Hamburg. Der Vater eines zwöllfjährigen Jungen und die Großmutter des Kindes sind heute vom Amtsgericht Harburg wegen gemeinschaftlichen Verstoßes gegen die Schulpflicht verwarnt worden und zu Geldstrafen auf Bewährung verurteilt worden. Das Gericht sah es als erwiesen an, dass der Vater des Jungen und seine Großmutter, bei der Jason L. (Name geändert) wohnt, es über sehr lange Zeit versäumt haben, dafür Sorge zu tragen, dass Jason regelmäßig am Schulunterricht teilnimmt.
95 Tage hat der kleine Junge, der die Stadtteilschule Slomanstieg auf der Veddel besucht, voriges Jahr unentschuldigt gefehlt. Trotz diverser Elterngespräche, Hausbesuche, Behördenschreiben und Bußgeldbescheide, für die der Vater und die Großmutter allein mehrere Hundert Euro bezahlen mussten. Beide gestanden vor Gericht Fehler ein.
Sie habe ihrem Enkelkind „immer wieder ins Gewissen geredet, zur Schule zu gehen“, sagte Jasons Oma Josefine L. (Name geändert). Doch es habe nichts gebracht. Der Junge habe sich neben Fußballspielen ausschließlich für Computerspiele interessiert. Davon habe sie ihn nicht abbringen können. Während sie schlief, habe Jason bis tief in die Nacht hinein an der Playstation gesessen und Spiele wie „League Of Legends“ und „Fortnite“ gespielt. Tagsüber habe der Junge geschlafen.
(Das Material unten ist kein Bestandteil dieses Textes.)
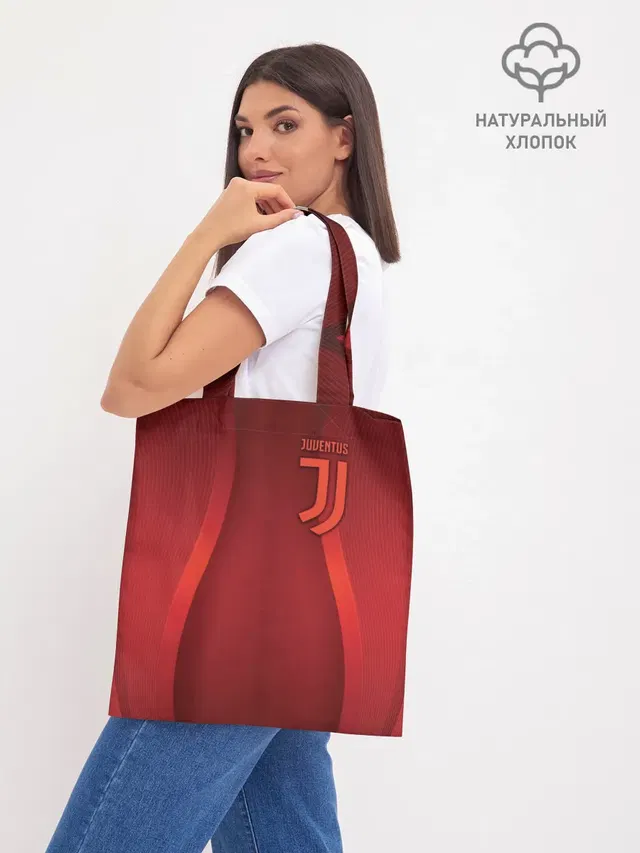 Шоппер база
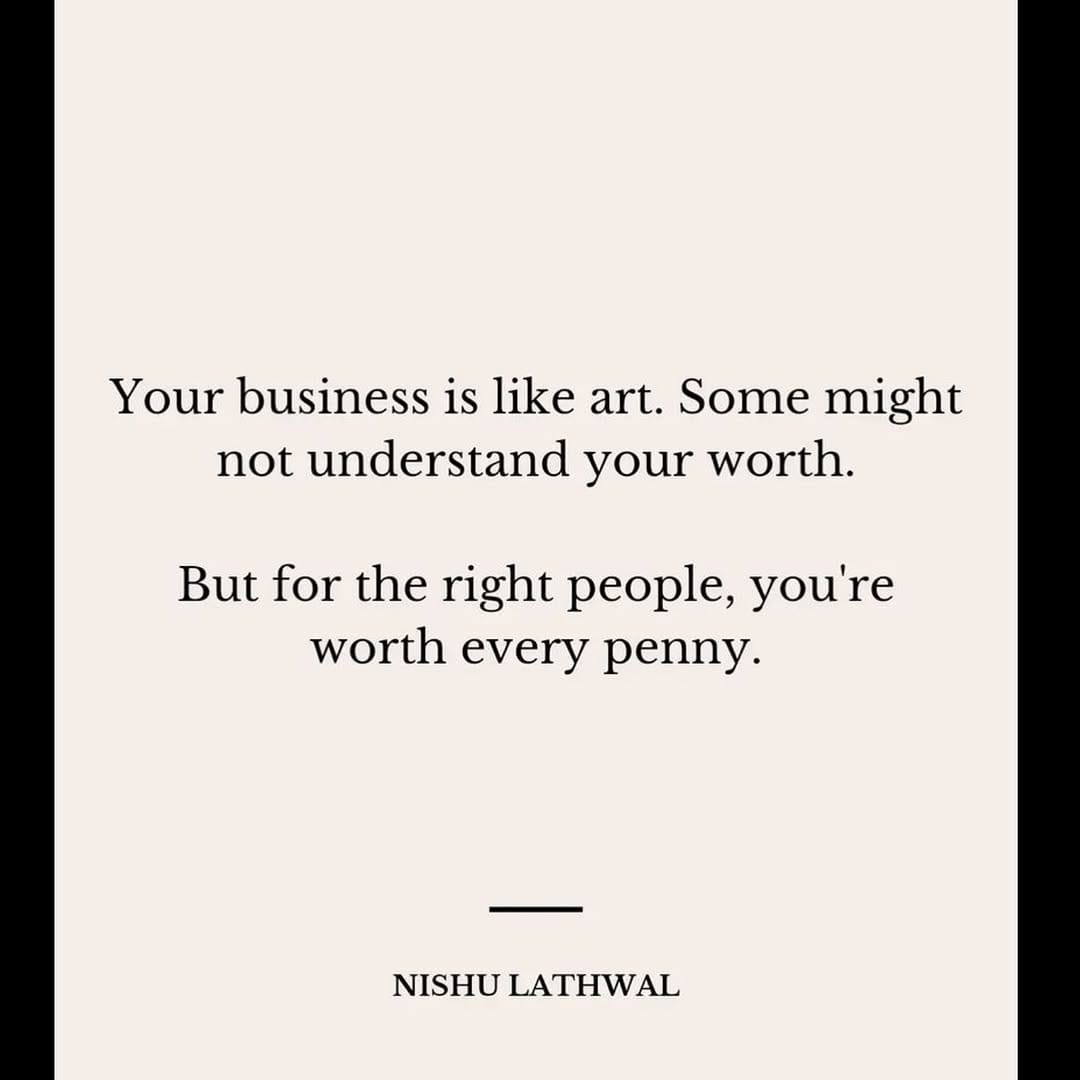Post 9 by Monicalashon@gmail.com on Instagram (image)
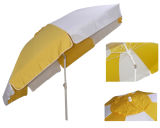 Beach Umbrella (XB-B2036)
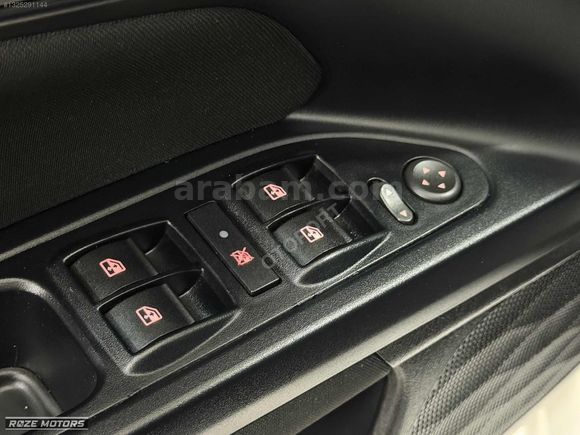 0.79 KREDİ 2020 EGEA MIRROR 1.6 DİZEL *CARPLAY-GERİ GÖRÜŞ*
Lehrerin sieht grundlegendes Problem
Auch Jasons Vater Bruno L. (Name geändert), der mit seiner zweiten Frau in Rissen lebt, hat die fatale Entwicklung seines Sohnes, den er nur an Wochenenden sieht, offenbar gründlich unterschätzt. So habe er „nichts Schlimmes“ daran gefunden, wenn sein Sohn „ein-, zweimal die Woche“ im Unterricht fehlt, betonte der Staatsanwalt. Erst vor Kurzem sei es ihm gelungen, seinen Sohn einigermaßen für die Schule zu motivieren – indem er ihm für bessere Zeugnisnoten ohne Fünfen und Sechsen 100 Euro versprach, sagte Jasons Vater, der als Kraftfahrer arbeitet.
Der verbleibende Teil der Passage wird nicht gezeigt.